The unofficial park has led to complaints from some residents, but the people who use the park are finding some support at city hall.

For 10 years the homemade park has been a "hidden gem" according to Terry Pargelen, who rides there as much as possible.

“We don't want to lose what we have," says Pargelen. “We got word last week that the city was going to come and they want to knock it down and flatten it due to liability reasons and everything."

Pargelen and other mountain bikers have shaped jumps and cleared brush to have their own place to enjoy.

“The city has skate parks for the skate boarders and the scooters and the bmx'ers, there's nothing really geared towards bikers that ride large bike like we ride," he says.

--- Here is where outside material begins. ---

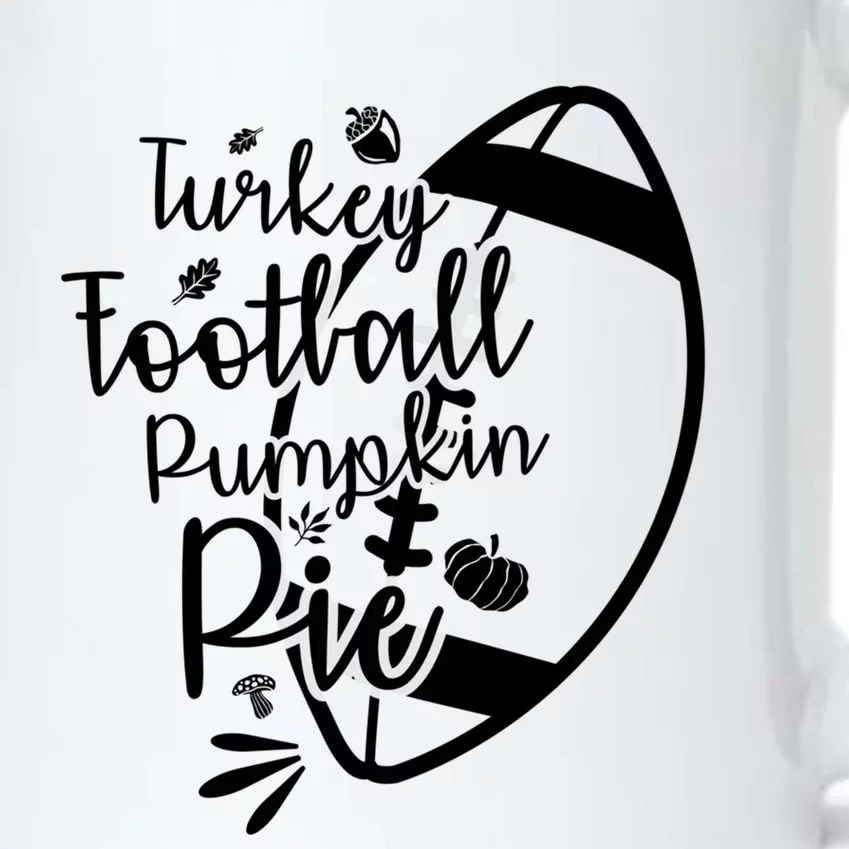 Thanksgiving Turkey Football Pumpkin Pie Gift Black Color Changing Mug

The group met with Ward 7 councillor Irek Kusmierczyk Monday afternoon to see what can be done.

“I've asked administration to take a pause and see what we can do to work with the off road cycling community in terms of maintaining that infrastructure."

Kusmierczyk believes there are valid safety concerns but that doesn't mean the park should be destroyed.

“City of Toronto was dealing with a number of these informal parks that were being built and their response was to actually build and design a formal off road bicycle course,” says Kusmierczyk.

Kusmierczyk tells CTV News he hopes administration will look into whether or not this is something to build upon rather than remove.

“They actually brought in a world expert to help them design it to make sure that it is a safe as it possible can be and legitimate and what not, and maybe that's the process that we need to look at here as well," says Kusmierczyk.

Kusmierczyk says he will bring the issue up at the next city council meeting later this month.

“We're willing to work with the city in any way we have to to make this spot stay or have another spot that's viable for this type of use in the future," says Pargelen.